ANTLR 可以通过 BNF 或者 EBNF 文法的语法定义文件生成默认的 Lexer 和基本的 ast，并且提供了 listener, visitor 两种可选的方式来遍历 ast。对比起 yacc 和 lex 的组合，它的好处在于能生成相对友好的代码方便你进行处理（不用在几千行的 .y 文件里面爬摸滚打了）。

ANTLR 的最新版本是 4，在这篇文章里我将使用 Go 作为生成的 target 语言。

ANTLR4 的安装

自己看

简单的 EBNF 文法

EBNF, 即扩展巴恩斯范式，是一种上下文无关文法。

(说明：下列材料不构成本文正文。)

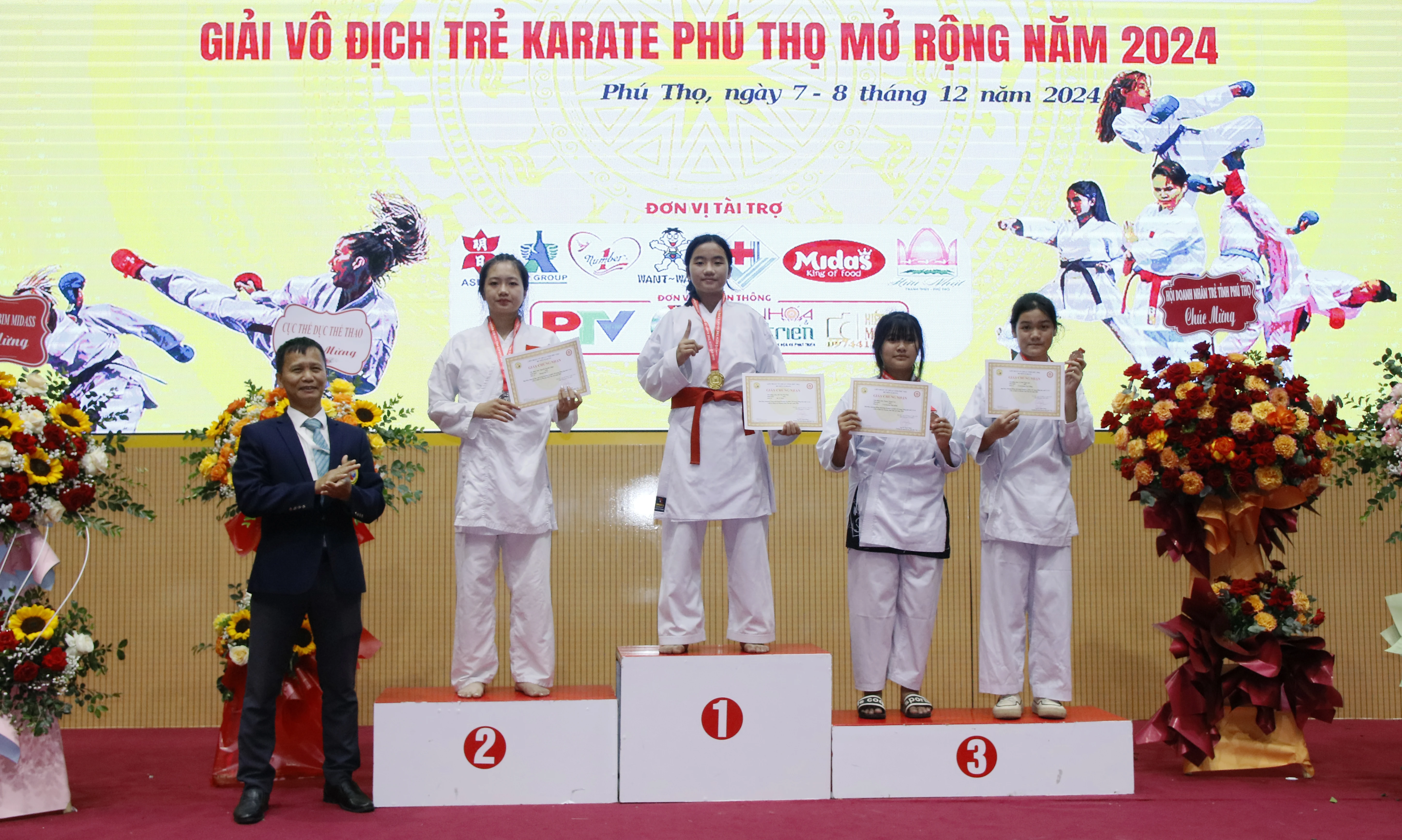 Sôi nổi Giải Vô địch trẻ Karate Phú Thọ mở rộng năm 2024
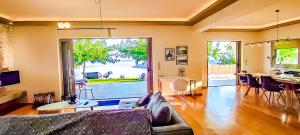 Гостиная зона в Avatonblue Villa Nafplio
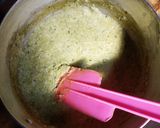 Foto langkah ke 4 dari resep Bubur Bayi Rasa Kangkung dan Telur Ayam Kampung.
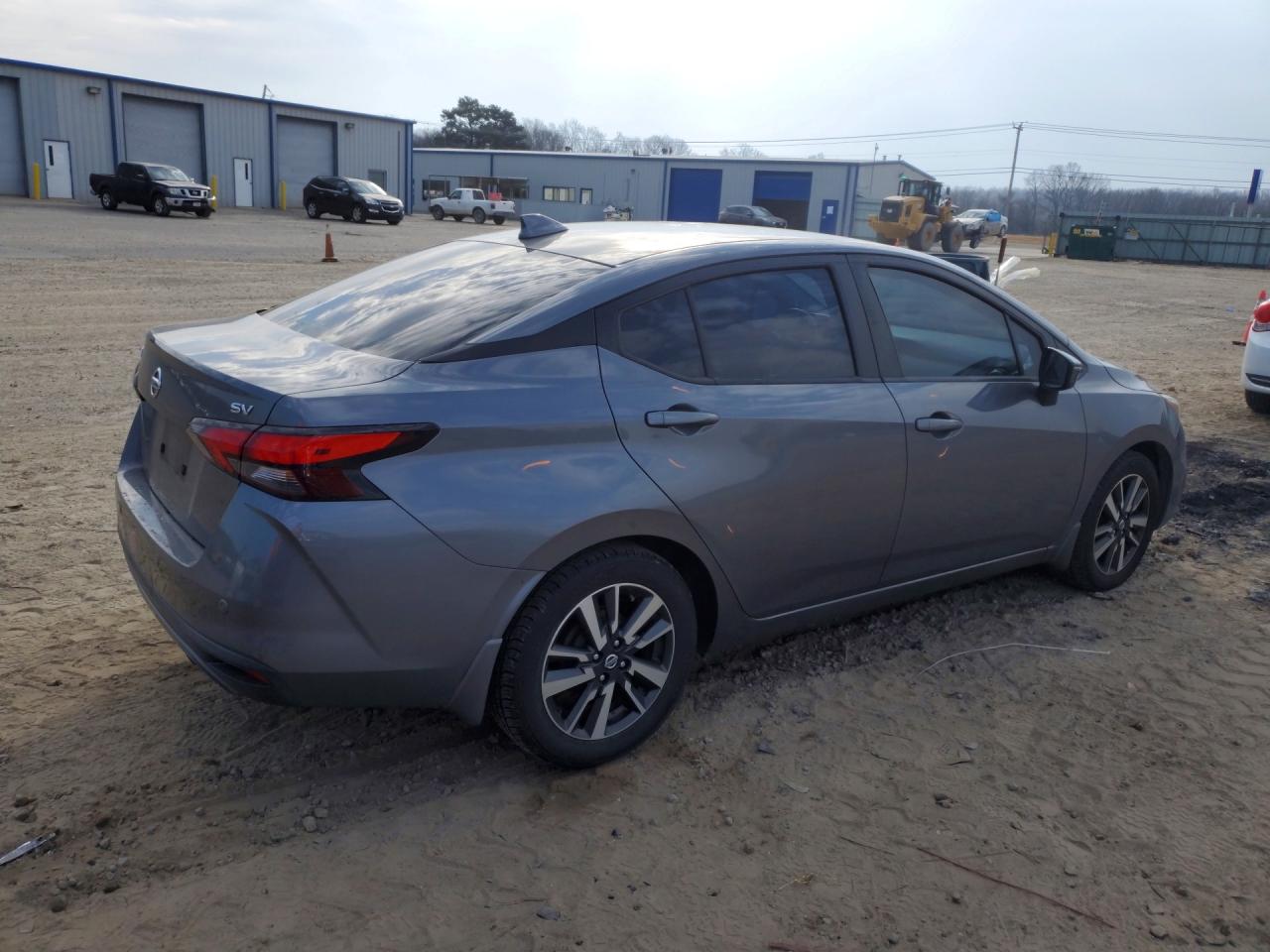 2021 NISSAN VERSA SV photo 7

现代编程语言基本都使用 EBNF 来进行语法定义。

我们首先来简单定义一个四则运算表达式的语法规则:

grammar Math;

math : expr EOF;

expr :    op=('+'|'-') expr                    # unaryExpr
      |   left=expr op=('*'|'/') right=expr    # infixExpr
      |   left=expr op=('+'|'-') right=expr    # infixExpr
      |   value=NUM                            # numberExpr
      ;

ADD: '+';
SUB: '-';
MUL: '*';
DIV: '/';

NUM :   [0-9]+ ('.' [0-9]+)? ([eE] [+-]? [0-9]+)?;
WS  :   [ \t\r\n] -> channel(HIDDEN);

将其保存为 Math.g4(注意，文件名必须与 grammar 一致)。

使用如下指令生成代码：

1	$ antlr -Dlanguage=Go -visitor -o . Math.g4

我们可以看到当前目录下生成了几个文件：

.
├── Math.g4
├── Math.tokens
├── MathLexer.tokens
├── math_base_listener.go
├── math_base_visitor.go
├── math_lexer.go
├── math_listener.go
├── math_parser.go
└── math_visitor.go

其中 math_parser.go 包括了生成的基本 ast 的定义，math_listener.go 和 math_visitor.go 分别包含了 listener 和 visitor 的接口定义。

listener 和 visitor 的区别在于，listener 的遍历路线 ANTLR 已经帮你选好了，你只需要写对于不同节点的处理方式即可。而 visitor 则意味着你需要自己编写遍历的逻辑。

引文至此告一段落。